First, our project uses Supabase to store user information. This simply involves Supabase's free plan that allows our group to create tables in which we store user information such as logged workouts, weight, steps, calories, and much more.
Next, My Fit Bud provides the user with real-time computer vision analysis of lifting form. Computer vision is done through the MediaPipe npm module. This module marks tracers on the user's body, observing the degree of their joints and the rate at which they change. This information accumulates into a JSON file which Groq (our main intelligence model) parses and uses it to provide feedback to the user in natural language. For incorrect form, "Form Check" provides the user with a quick link to a generated message in which our coaching AI can help describe to the user how to improve their form.
Our coaching AI enables the user to receive professional-grade interactive coaching advice without having to pay the price of a professional trainer. Like our Form Check, our coaching AI deploys the Groq free model with a built-in professional trainer personality. Our chatbot is equipped with this personality so it stays focused on fitness-based conversations. Furthermore, our coaching AI generates preset messages and responses, so the user can quickly ask for advice on the go. This feature is geared to increase efficiency and motivation among users with a tight schedule.

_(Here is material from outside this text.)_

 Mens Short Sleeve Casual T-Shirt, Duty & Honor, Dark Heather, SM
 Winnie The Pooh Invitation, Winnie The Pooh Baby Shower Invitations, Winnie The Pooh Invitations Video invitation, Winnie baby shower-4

Last, but not least, our calorie tracker enables users to track calories through manual macro entering, textual descriptions, or even an image. Tracking meals based off a textual description is implemented, yet again, with Groq AI. Furthermore, our image parser deploys an Ollama model to parse the image and calculate the macronutrients of the meal. This allows users to stay on a diet without spending hours tracking and writing down all their meals.
Challenges we ran into
As computer vision projects tend to be, our project was hard when getting the model to work. First, we had to learn a completely new library, the MediaPipe library, which was something our team has never seen before. Furthermore, our team's inexperience in CV only enhanced the confusion we had with MediaPipe. Eventually, our team was able to create presets for 8 exercises, for which MediaPipe is correctly calibrated to track and give feedback based on the user's form.
Second, our team spent a lot of time debating what our central intelligence model should be. Initially, we wanted to use Claude through the Agent SDK so we could use tokens under our monthly subscriptions. This, however, turned out to be counterproductive, as the Claude Agent SDK was a very powerful LLM wrapper that cost a LOT to run. With this, our team changed its vision to a free, API-based model, and we discovered Groq. Groq was the perfect fit for our project, not to be confused with Elon Musk's Grok. Groq has wide personality capabilities, with which we were able to create and deploy a fitness trainer personality into Groq. While free, Groq also served to be wildly faster than Claude's Agent SDK, as it was running a single LLM inference versus a loop of agentic inferences.